Problem: Write out, word for word, every line in the data below from the one containing "Nukatap Counter Pressure" to the one containing "Clairebella Personalized Gifts", both of them included.

Given records:
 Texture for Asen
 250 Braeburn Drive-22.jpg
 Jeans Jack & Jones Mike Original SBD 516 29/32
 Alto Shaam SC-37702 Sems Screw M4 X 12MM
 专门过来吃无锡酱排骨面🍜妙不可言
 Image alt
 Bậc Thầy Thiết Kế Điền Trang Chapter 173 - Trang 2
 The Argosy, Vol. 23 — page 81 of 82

...

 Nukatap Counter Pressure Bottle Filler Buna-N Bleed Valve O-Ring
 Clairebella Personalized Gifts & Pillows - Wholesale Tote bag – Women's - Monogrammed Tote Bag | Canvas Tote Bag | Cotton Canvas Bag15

Output:
 Nukatap Counter Pressure Bottle Filler Buna-N Bleed Valve O-Ring
 Clairebella Personalized Gifts & Pillows - Wholesale Tote bag – Women's - Monogrammed Tote Bag | Canvas Tote Bag | Cotton Canvas Bag15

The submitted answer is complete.